スズキの新型『GSX-R1000R ABS』をサーキットにて試乗したが、オール新設計の車体は応答性と俊敏性が向上している。ストレートからコーナーへ進入していくとき、ブレーキングで意識的に車体姿勢を整えなくとも、スッと車体を寝かし込んでいけるイージーな感覚があるのだ。
試乗後、車体設計担当の小林浩二さんにそれを告げると「そういう乗り味を狙いました!」と答えてくれた。

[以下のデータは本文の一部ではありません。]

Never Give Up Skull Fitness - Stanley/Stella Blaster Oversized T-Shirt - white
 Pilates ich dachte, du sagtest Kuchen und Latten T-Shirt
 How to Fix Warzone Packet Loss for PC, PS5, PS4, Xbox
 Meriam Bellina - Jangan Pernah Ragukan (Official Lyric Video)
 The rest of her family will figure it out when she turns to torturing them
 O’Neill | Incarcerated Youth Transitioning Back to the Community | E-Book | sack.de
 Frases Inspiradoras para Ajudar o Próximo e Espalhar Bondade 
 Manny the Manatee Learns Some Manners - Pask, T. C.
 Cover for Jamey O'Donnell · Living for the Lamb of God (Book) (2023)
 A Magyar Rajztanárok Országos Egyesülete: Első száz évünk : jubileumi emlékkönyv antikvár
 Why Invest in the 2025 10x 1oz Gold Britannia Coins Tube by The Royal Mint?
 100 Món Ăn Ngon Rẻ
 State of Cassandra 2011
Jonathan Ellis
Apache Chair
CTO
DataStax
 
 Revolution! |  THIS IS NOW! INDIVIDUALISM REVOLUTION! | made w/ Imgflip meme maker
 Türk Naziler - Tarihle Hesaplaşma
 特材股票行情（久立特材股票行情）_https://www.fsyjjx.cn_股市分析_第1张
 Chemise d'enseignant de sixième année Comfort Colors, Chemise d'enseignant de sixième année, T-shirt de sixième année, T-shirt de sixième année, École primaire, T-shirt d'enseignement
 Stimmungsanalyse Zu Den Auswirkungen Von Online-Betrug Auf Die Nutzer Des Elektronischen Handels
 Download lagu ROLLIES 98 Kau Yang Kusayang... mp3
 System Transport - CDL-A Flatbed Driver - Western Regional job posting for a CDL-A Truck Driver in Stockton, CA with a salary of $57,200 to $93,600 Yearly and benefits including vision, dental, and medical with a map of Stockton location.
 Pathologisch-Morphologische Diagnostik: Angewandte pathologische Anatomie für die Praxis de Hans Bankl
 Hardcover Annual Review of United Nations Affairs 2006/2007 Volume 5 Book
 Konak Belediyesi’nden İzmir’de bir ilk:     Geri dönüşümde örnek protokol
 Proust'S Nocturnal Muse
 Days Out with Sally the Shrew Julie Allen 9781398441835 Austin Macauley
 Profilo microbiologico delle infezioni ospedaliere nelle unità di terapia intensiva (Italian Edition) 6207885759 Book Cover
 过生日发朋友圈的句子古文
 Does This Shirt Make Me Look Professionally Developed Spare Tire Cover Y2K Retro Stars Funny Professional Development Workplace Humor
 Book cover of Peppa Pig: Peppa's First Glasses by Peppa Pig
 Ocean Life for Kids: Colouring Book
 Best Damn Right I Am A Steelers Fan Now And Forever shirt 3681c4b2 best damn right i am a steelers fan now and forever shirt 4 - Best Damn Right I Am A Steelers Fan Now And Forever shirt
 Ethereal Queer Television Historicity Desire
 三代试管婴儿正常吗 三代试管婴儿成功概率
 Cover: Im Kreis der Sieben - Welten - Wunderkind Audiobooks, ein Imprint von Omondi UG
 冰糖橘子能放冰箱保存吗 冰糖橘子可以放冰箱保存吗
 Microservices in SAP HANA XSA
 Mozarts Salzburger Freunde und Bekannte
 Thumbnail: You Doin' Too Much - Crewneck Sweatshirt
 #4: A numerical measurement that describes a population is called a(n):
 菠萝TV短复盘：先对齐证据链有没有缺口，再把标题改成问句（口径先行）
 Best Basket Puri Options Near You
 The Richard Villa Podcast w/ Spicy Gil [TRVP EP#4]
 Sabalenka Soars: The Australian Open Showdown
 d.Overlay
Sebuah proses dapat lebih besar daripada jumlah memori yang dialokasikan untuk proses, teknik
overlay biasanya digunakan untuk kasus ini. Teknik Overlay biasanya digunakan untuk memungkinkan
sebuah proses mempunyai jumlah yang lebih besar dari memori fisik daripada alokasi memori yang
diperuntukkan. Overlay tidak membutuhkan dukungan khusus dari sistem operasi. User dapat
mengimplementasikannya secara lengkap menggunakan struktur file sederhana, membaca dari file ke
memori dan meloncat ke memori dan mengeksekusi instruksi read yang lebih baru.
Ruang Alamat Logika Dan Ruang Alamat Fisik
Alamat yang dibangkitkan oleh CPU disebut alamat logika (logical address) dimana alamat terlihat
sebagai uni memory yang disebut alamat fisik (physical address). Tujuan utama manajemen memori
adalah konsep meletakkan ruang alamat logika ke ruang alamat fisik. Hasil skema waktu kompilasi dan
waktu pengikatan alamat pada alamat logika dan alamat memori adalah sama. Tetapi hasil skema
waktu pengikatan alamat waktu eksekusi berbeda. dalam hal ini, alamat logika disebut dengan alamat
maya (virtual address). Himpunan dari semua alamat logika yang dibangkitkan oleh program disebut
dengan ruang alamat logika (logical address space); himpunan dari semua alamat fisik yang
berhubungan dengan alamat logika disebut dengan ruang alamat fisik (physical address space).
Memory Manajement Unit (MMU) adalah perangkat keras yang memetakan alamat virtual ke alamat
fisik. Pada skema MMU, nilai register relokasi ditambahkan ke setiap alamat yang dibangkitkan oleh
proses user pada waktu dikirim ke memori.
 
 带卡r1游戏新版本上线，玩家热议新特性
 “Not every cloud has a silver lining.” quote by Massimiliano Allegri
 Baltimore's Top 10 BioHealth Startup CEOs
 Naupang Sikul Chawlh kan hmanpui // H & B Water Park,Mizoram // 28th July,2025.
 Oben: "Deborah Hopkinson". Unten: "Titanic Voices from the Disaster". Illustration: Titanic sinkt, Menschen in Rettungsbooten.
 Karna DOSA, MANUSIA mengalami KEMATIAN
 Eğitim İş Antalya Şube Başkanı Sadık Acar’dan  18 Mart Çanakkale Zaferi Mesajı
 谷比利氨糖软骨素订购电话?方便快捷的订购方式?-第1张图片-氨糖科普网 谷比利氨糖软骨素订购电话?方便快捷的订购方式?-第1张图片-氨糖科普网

「上手なライダーはコーナーの手前でキチッとブレーキングができ、車体を曲げていくための姿勢をつくれるのですが、新型ではブレーキングにそれほど気を遣わなくとも、楽に一次旋回に入っていけると思います」
開発チームは、今回の新型でディメンションを一新している。
ホイールベース 1405mm→1420mm
キャスター 23°50'→23°20'
トレール 98mm→95mm
装備重量 205kg(ABSモデル)→203kg
「エンジンの出力がものすごく出ているので、ホイールベースを伸ばして対応しています。マシンがライダーにやさしくなればなるほど速く走ることができる、と我々は考えていまして、過激で扱いづらい車体にならないよう設計しました」(小林さん)
1つキモとなっているのは、スイングアームの長さだ。最終的に35mm伸ばした。2次減速比を含めて、最終段階まで熟考したという。
「結果的に、コーナーの立ち上がりでより早くアクセルを開けられるようになりました」(小林さん)
つまり、コーナーからの脱出が早くなり、ストレートでの加速もより鋭くなって速度を高めていける。
新型GSX-R1000Rはエンジンを6°後傾させたことによってエンジン前後長が短くなり、フロントアクスルからスイングアームピポットまでの距離を20mm短縮している。エンジンを前輪に近づけることでフロントまわりのフィーリングとライダーに届く情報量を増やすことに成功しているが、スイングアーム長を伸ばすことでハンドリングを過激すぎるものにせず、小林さんの言う“ライダーにやさしい”ものとしているのだ。
200ps近いパワーを発揮する1000ccスーパースポーツでありながら、やさしさ=扱いやすさを追求。それが速さに結びついた。